THE AMERICAN ELECTORATE GOES TO THE polls in November to elect the next President of the United States. To be fair, a little more than half of the eligible U.S. population votes in presidential elections—57.5 per cent in 2012. The rest of the voters do not bother. They either find it too onerous to get to the polling booths (the election is conducted on a workday) or they simply do not find the choices vibrant enough. This election is not an ordinary election. The two candidates are the most hated people to run for the U.S. presidency. Polling data show that the two of them, Hillary Clinton and Donald Trump, are running very close to each other. What seems to drive voters to the candidates is not enthusiasm for them but dislike of the opponent.
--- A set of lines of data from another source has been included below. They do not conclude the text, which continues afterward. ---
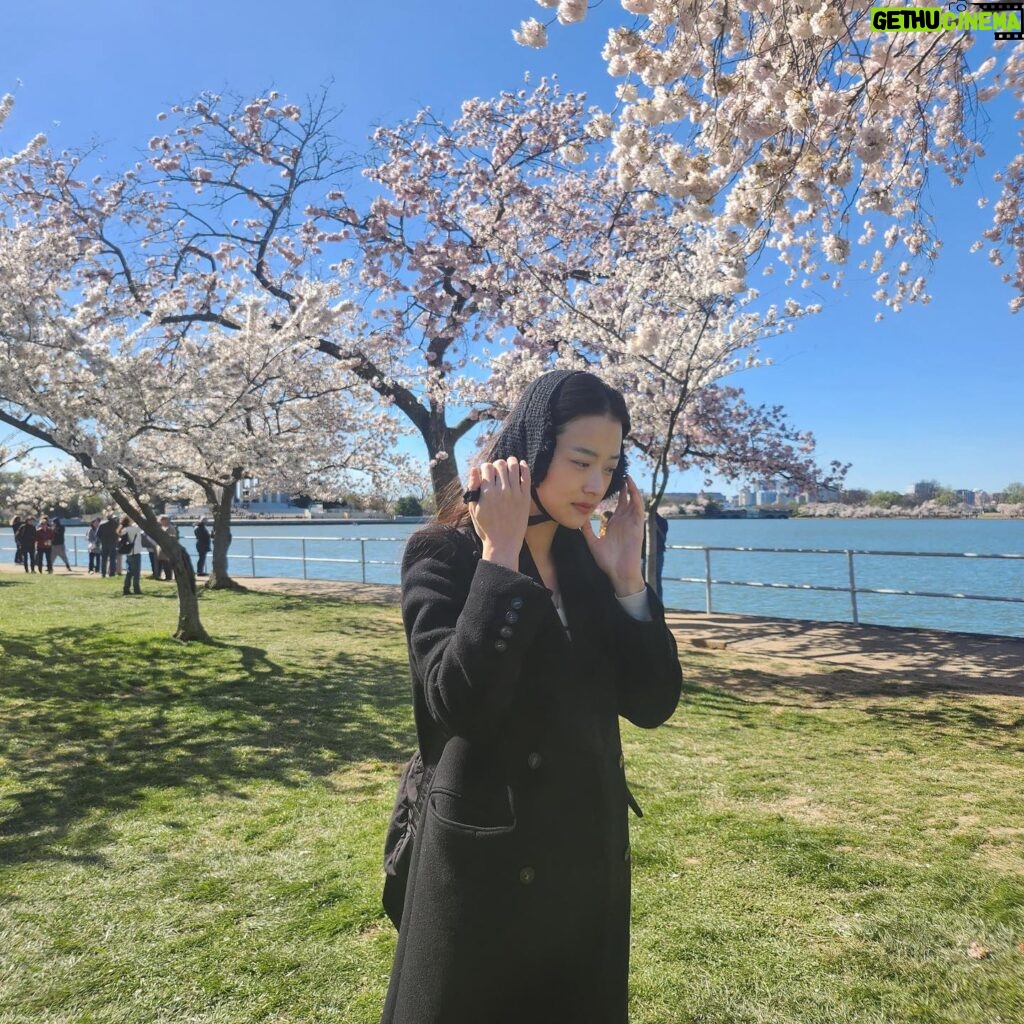 Shin Do-hyun Instagram - 여의도 한강 공원 아님 석촌호수 아님 수학여행 온 거 아님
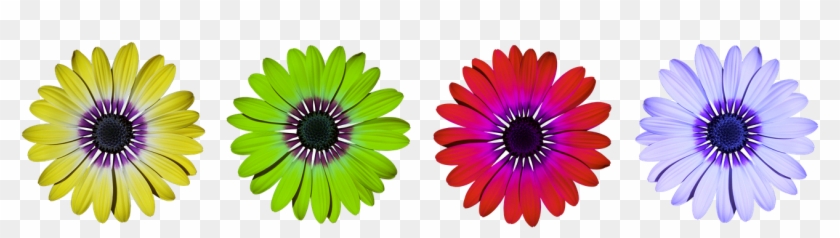 Flower, Flowers, Daisy, Summer - 507 Mechanical Movements Gif Clipart #5065188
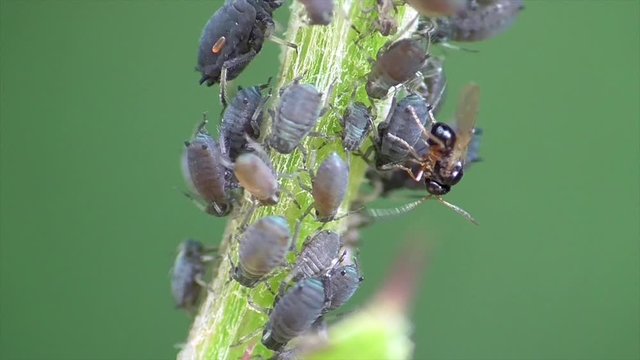 Parasitische Schlupfwespe in Blattlauskolonie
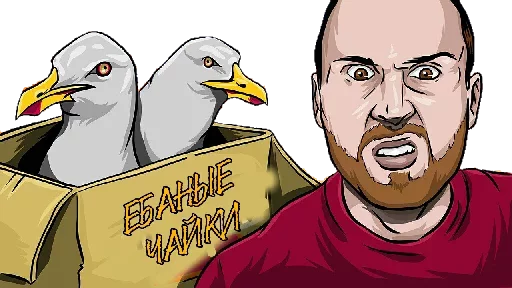 bird cartoon drawing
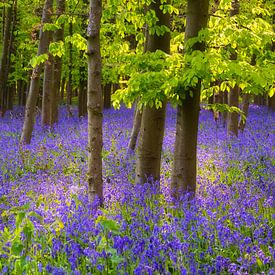 Frühling im Hasenglöckchenwald von Daniela Beyer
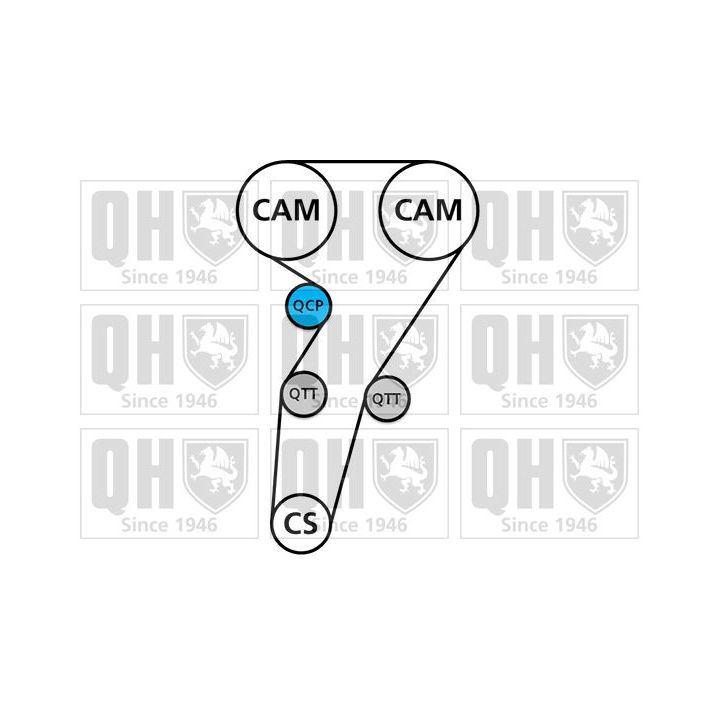 Vandens siurblio ir paskirstymo diržo komplektas QUINTON HAZELL QBPK5800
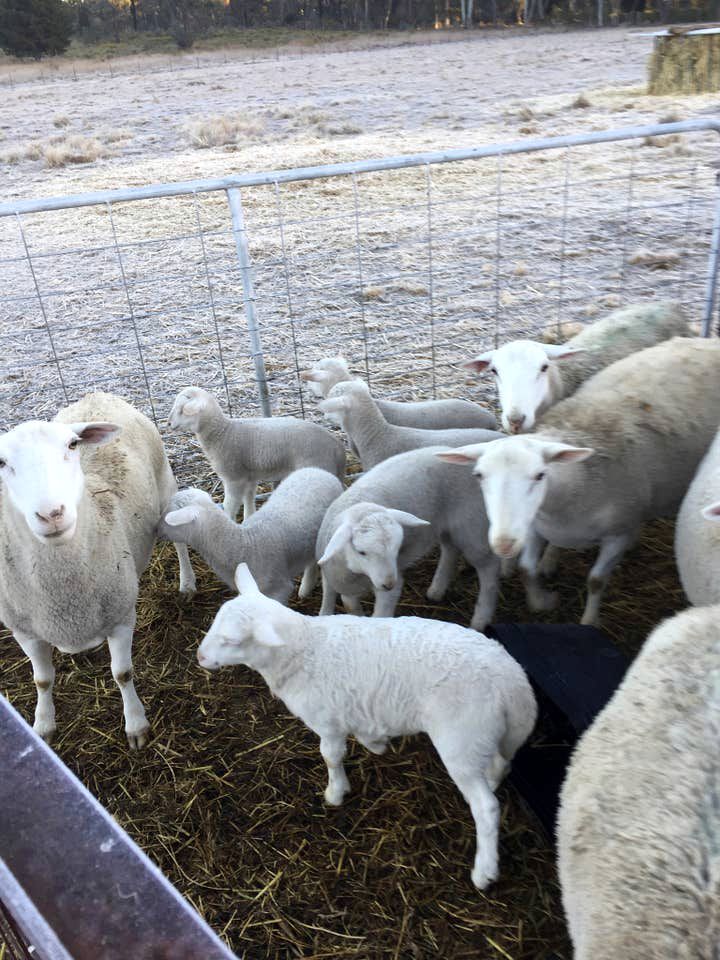 Charming Coonabarabran Cottage Ideal for a Getaway in New South Wales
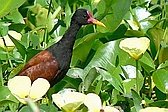 Jacana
What issues drive the campaign? Nothing of great significance. There is no serious discussion about the problem of economic stagnation or decline for millions of Americans, nor is there a serious discussion about civil rights and gender discrimination. None of these issues seems to merit public debate from the candidates. The questions that rise to the surface are surreal, for example, these two: Hillary Clinton’s health and Donald Trump’s temperament. These dominate the airwaves. What is not considered are fundamentally important issues, such as hunger and war, police violence and land rights.

On the table

What would once have slithered in the back alleys of conspiracy theorists now makes its presence known in the plain light of day. Hillary Clinton almost falls at the anniversary of 9/11, and this evokes for the Right a theme about her being seriously ill. Explanations by the Hillary Clinton campaign that she has pneumonia are not sufficient. Since her trustworthiness is low, the Right picks at every opportunity to suggest that she is lying. Legitimate issues of concern about the corruption between the Clinton Foundation, the U.S. State Department and the Clintons themselves lose their credibility because the Right is promiscuous with its accusations. To suggest that Hillary Clinton’s coughing is hiding something deeper makes accusations about what she is really hiding (such as the deals done through the Clinton Foundation) illegitimate. Peter Schweizer’s investigative report, Clinton Cash , shows how governments and businesses from around the planet ploughed money into the Clinton Foundation so that they could get access to Secretary of State Hillary Clinton. Bad conspiracy theories crowd out legitimate theories of corrupt conspiracies. Regardless of the quality of the theory, the upshot is that a large section of the population finds Hillary Clinton to be untrustworthy. It is what will motivate it to vote against her.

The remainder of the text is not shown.